I guess I made an important decision this morning. I decided on the tagline for parigot. I suppose shouldn’t say this is permanent as all the decisions I make related to pargot seem to change, but I think I’m going to use this:

parigot: the operating environment for microservices.

I’m going to use that capitalization too, if possible. parigot is not capitalized, even if the first word of a sentence.

Yesterday, I got the first system call (syscall) working, register(). I’ve kept the name syscall, because it is like a syscall in that it a non-standard way of calling a function and it gets wrapped by a library that hides most of that for callers, ala libc for unix.

A few days ago, I had decided that having an ABI interface to parigot wasn’t worth the trouble. At that time I was calling the interface “the ABI” for application binary interface, as linux does.

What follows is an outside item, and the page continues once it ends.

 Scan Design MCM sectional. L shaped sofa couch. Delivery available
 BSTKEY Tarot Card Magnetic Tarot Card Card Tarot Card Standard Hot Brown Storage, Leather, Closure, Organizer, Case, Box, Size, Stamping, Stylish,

This “decision” got made basically because I was spending more time trying to generate code for the ABI than all the “normal” code and further it was becoming painfully apparent that said ABI it would end up being dependent on the compiler. So, I decided that parigot’s OE–you see what I did there?– would be called via the same mechanisms that anything else would be called. Now this should have been a red flag but I guess I was tired and didn’t think about it too clearly. I went happily on my way and eventually was forced to come back to it.

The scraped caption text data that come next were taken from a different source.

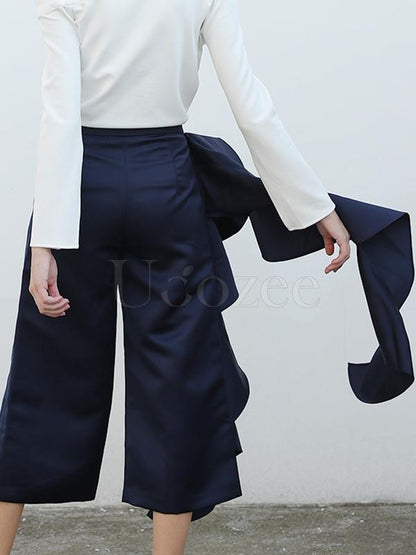 Loose Split-joint Ninth Pants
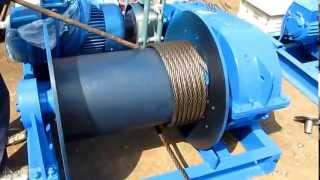 Electric winch wire rope installation [upl. by Ittap899]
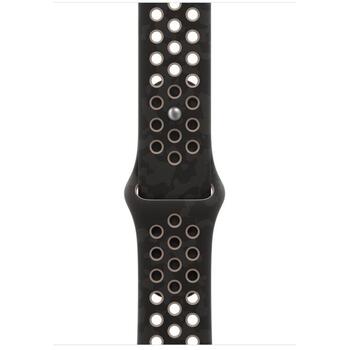 Apple Nike спортивный ремешок 46mm After Dark Black MKTP4ZM/A, M/L 160-210мм, умные часы, алюминий (MKTP4ZM/A)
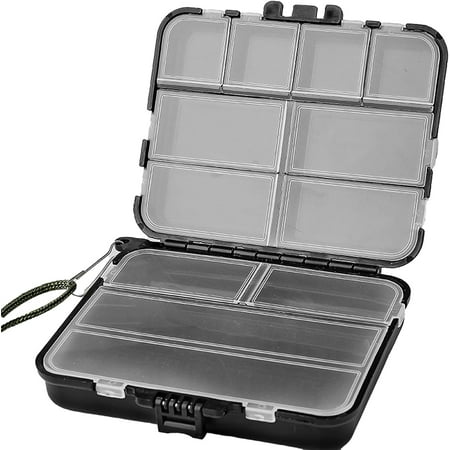 5 Pack Mini Plastic Tackle Boxes for Small Tackle Box Organizer Ideal for Fishing Storage Containers Kayak Fly Boxes Large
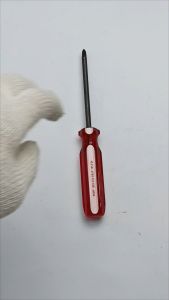 VESSEL Obeng Crystaline Screwdriver Type 6750 Plus +2x100 Panjang CRV Crome Vanadium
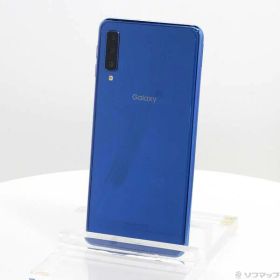 【中古】SAMSUNG(サムスン) GALAXY A7 64GB ブルー SM-A750C 楽天 SIMフリー 【344-ud】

The OE cannot be called the same way as “normal” user code because it implements the calling mechanism. Like, duh. So, that occured me yesterday and I realized that there would have to be a different path for calling parigot, but I would try to hide that from users, the same way libc does. You don’t think of open() actually being a system call because it looks and acts like a normal function call.

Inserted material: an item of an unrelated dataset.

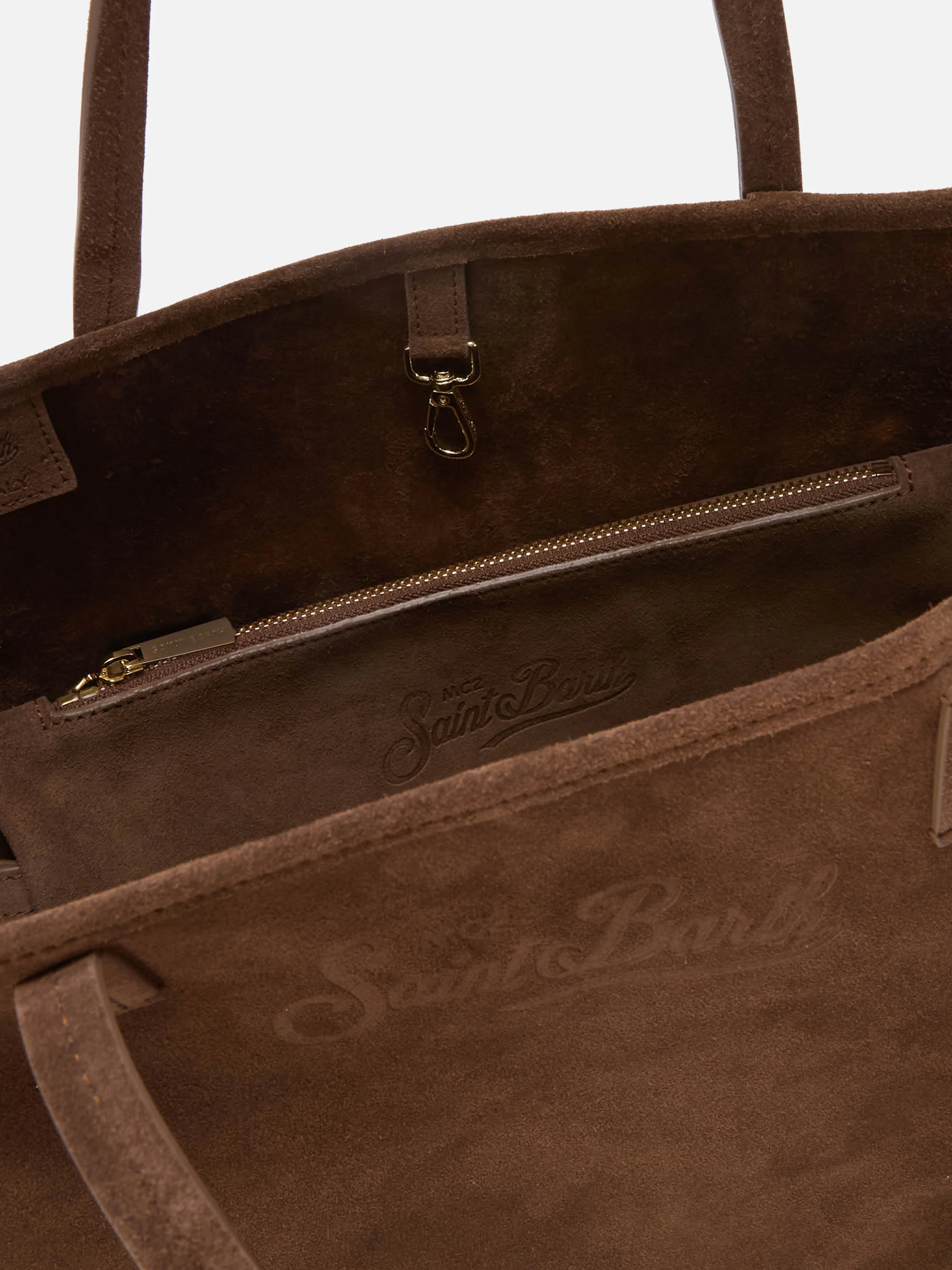 Borsa City regular in camoscio marrone - Image 5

Then there was the problem of the compiler. Because there aren’t calling conventions for WASM, I was, and still am, worried that I could end up in a situation where some languages can’t make system calls. So, I decided that somewhat similar to what I was trying to do with porcelain interfaces before, I would create a very dumb encoding of the parameters and return values for a system call.

┌────────────┬───────┬────────┬──────────┬─────────┬───────────────────────────────────────┬───────┐
│Name        │ Number│ Pointer│ Direction│Points to│ Purpose                               │       │
├────────────┼───────┼────────┼──────────┼─────────┼───────────────────────────────────────┼───────┤
│package_name│0      │YES     │ IN       │*byte    │data for the name of the package (ascii│ bytes)│
├────────────┼───────┼────────┼──────────┼─────────┼───────────────────────────────────────┼───────┤
│package_len │1      │NO      │IN        │         │length of the package name in bytes    │       │
├────────────┼───────┼────────┼──────────┼─────────┼───────────────────────────────────────┼───────┤
│service_name│2      │YES     │IN        │*byte    │points the name of the service         │       │
├────────────┼───────┼────────┼──────────┼─────────┼───────────────────────────────────────┼───────┤
│service_len │3      │NO      │IN        │         │length of the service name             │       │
├────────────┼───────┼────────┼──────────┼─────────┼───────────────────────────────────────┼───────┤
│error_id    │4      │YES     │OUT       │*[2]int64│error id for register                  │       │
├────────────┼───────┼────────┼──────────┼─────────┼───────────────────────────────────────┼───────┤
│service_id  │5      │YES     │OUT       │*[2]int64│service id result                      │       │
└────────────┴───────┴────────┴──────────┴─────────┴───────────────────────────────────────┴───────┘

So basically, this is going to be the standard, at least for now, for sending data to the OE. All these slots are INT64 in WASM parlance, or 64 bits wide. This is somewhat wasteful, but avoids the problem of the compiler trying to be cute with numbers actually placed into the slots themselves, such as our two lengths above. gc when generating wasm won’t put value into this structure, and always puts a pointer if the slots are 32 bits wide. Since pointers in WASM in the browser are 32 bits wide, this is doubly wasteful, but KISS.

The id type

My “id” type is encoded as two 64 bit numbers. These ids have the first 16 bits shaved off for type information, so you can figure out what type of thing it is even if you just get the bits. These ids are used for a few things, but notably for ids for a service and error codes from trying to register said service. The input in the table above is the input to register. It is important that we return error codes and not require the OE to allocate memory, so all the pointers in the table above are pointers into the caller’s address space. Trying to allocate memory in somebody else’s address space is a nasty business if they have a GC running. Ids can be printed with Short() to get the type and the last 3 bytes of the 14 of the content. So I service id looks like:

[s-000009]

when printed, meaning that service is number 9 in the OE’s tables. An error id from register() looks like this:

[r-000002]

to mean error code 2 from the register endpoint. Obivously, in production ids will not always be small intergers, in particular service ids which will be 112 random bits. Service ids are the “token” needed to call somebody else’s service. We could try to enforce isolation through lack of information, since an attacker is unlikely to be able to guess a 112 bit number. (He might be able to guess somebody’s 112 bit number, though.) I have some plans to do other isolation things as well (think: Firecracker). A value of zero in an id means no error, no matter what service the error code is for.